=== EXERCISE INSTRUCTIONS ===
Copy the entries that appear below in full, leaving out any picture among them.
** Opening DATA UNDER STUDY block **
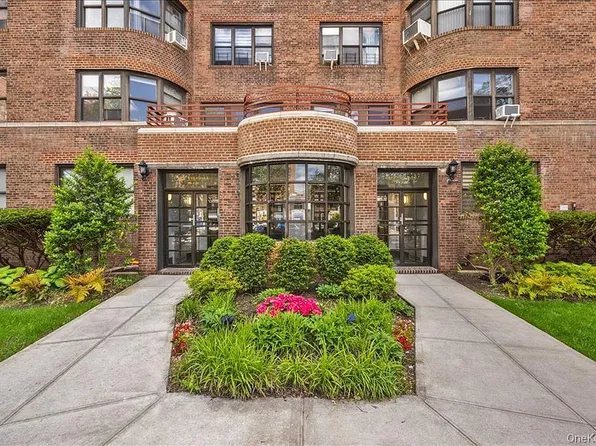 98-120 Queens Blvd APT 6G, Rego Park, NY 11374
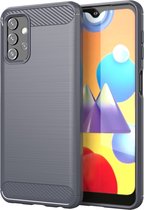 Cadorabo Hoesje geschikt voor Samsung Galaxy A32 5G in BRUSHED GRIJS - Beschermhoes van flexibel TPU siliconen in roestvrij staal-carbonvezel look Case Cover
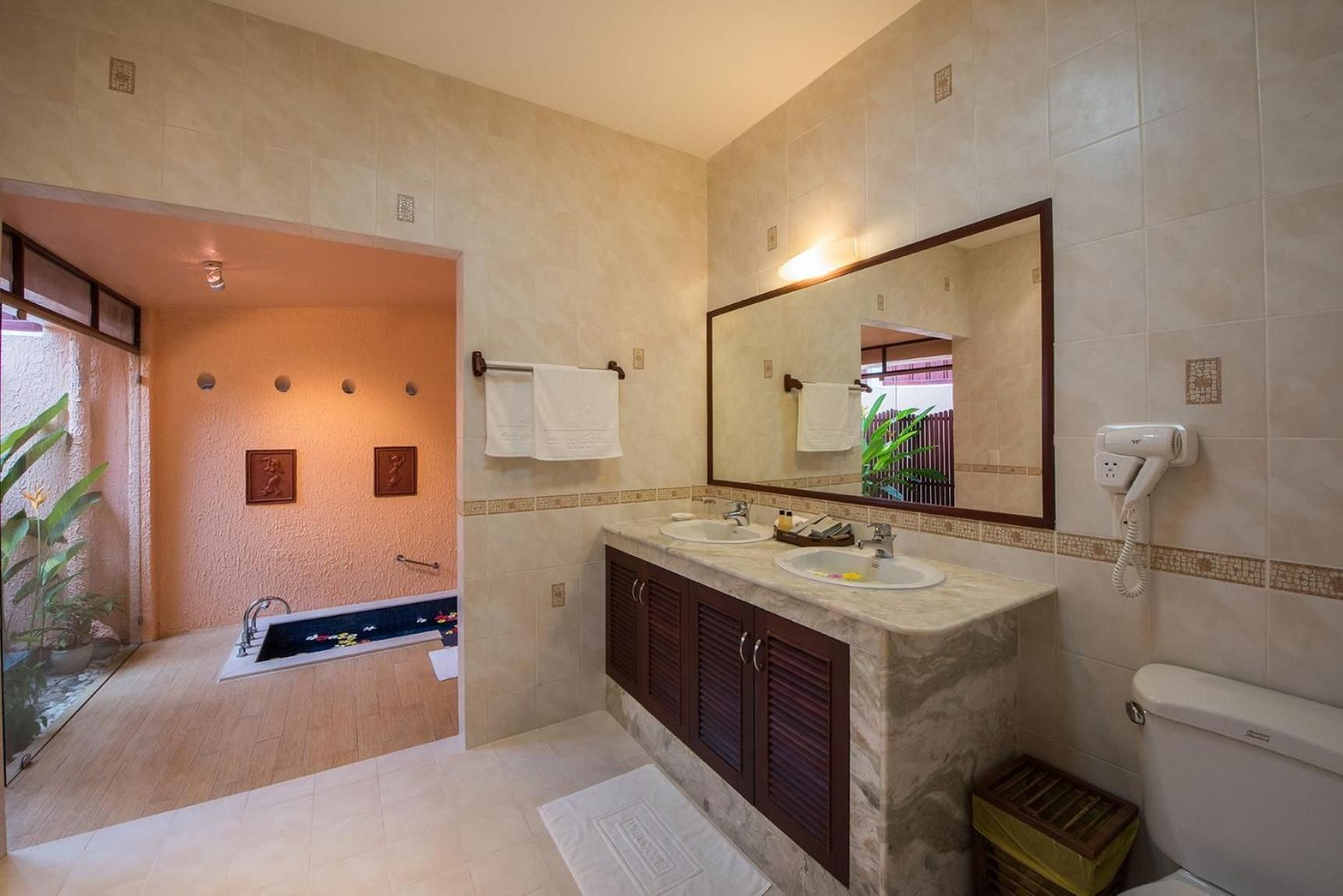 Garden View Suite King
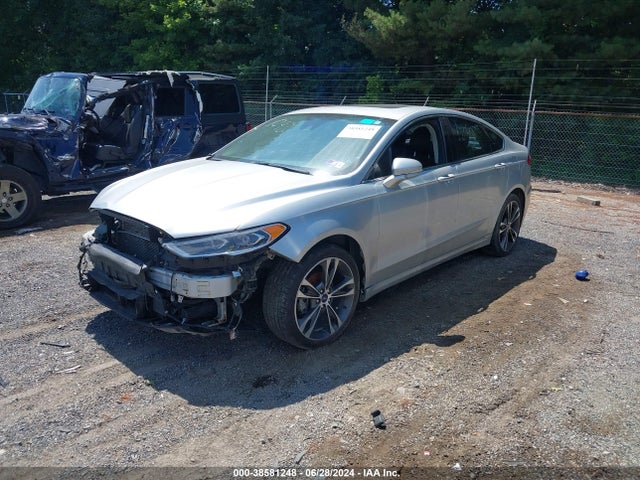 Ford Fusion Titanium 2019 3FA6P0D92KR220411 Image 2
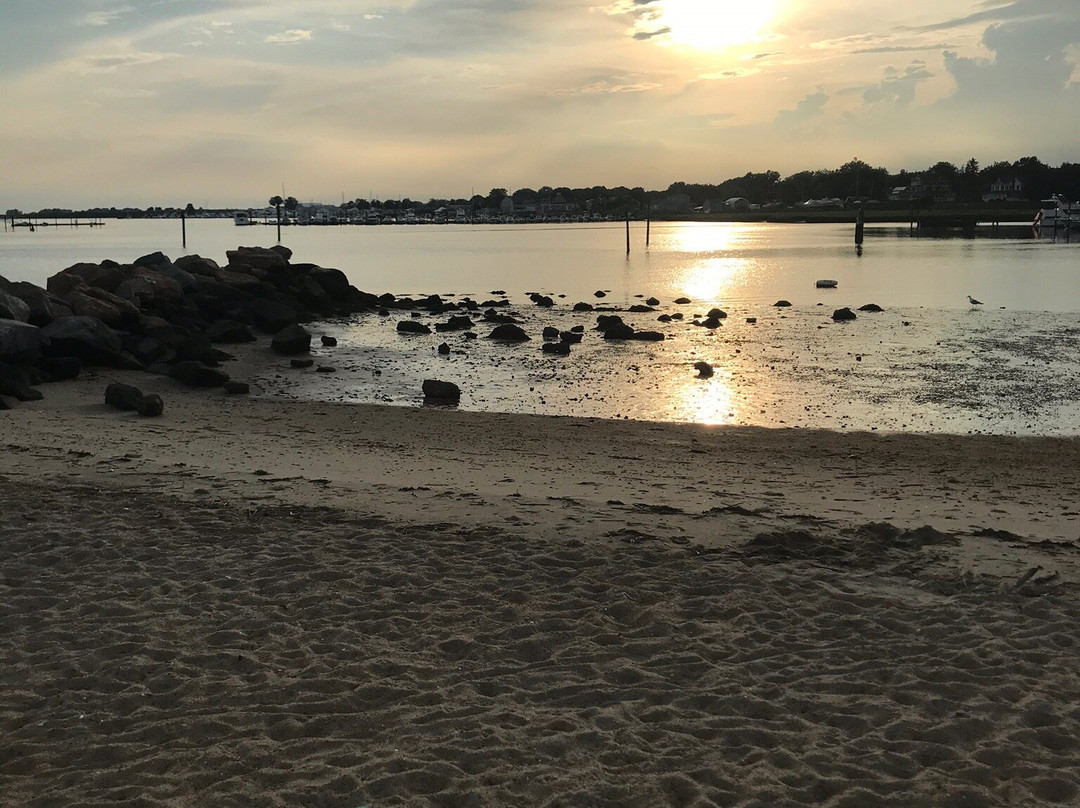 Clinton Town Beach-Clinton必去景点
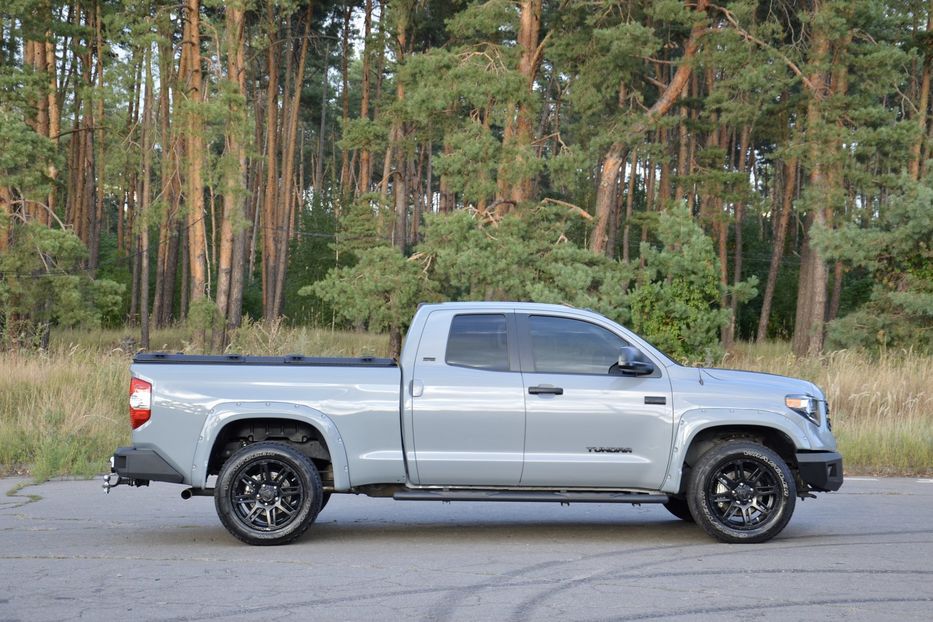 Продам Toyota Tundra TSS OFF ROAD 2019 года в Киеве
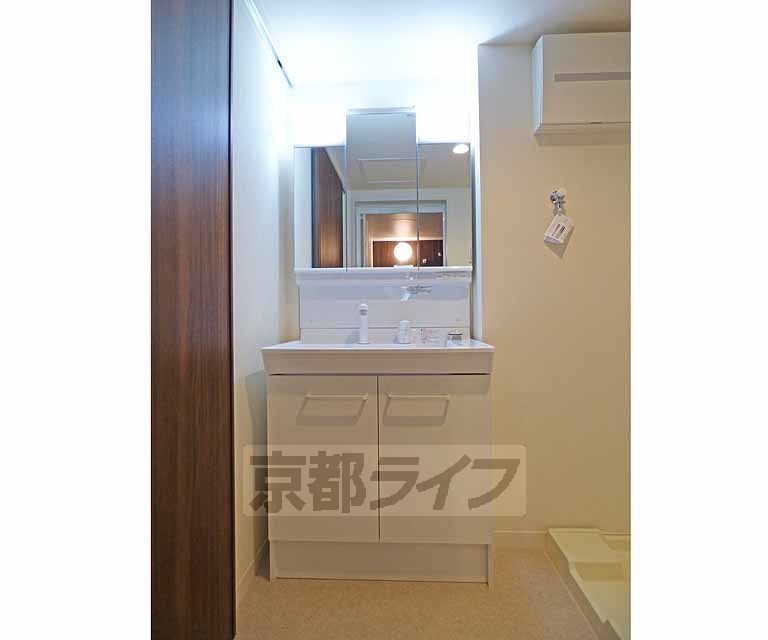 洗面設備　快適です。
** Closing DATA UNDER STUDY block **
=== EXERCISE OUTPUT ===
 98-120 Queens Blvd APT 6G, Rego Park, NY 11374
 Cadorabo Hoesje geschikt voor Samsung Galaxy A32 5G in BRUSHED GRIJS - Beschermhoes van flexibel TPU siliconen in roestvrij staal-carbonvezel look Case Cover
 Garden View Suite King
 Ford Fusion Titanium 2019 3FA6P0D92KR220411 Image 2
 Clinton Town Beach-Clinton必去景点
 Продам Toyota Tundra TSS OFF ROAD 2019 года в Киеве
 洗面設備　快適です。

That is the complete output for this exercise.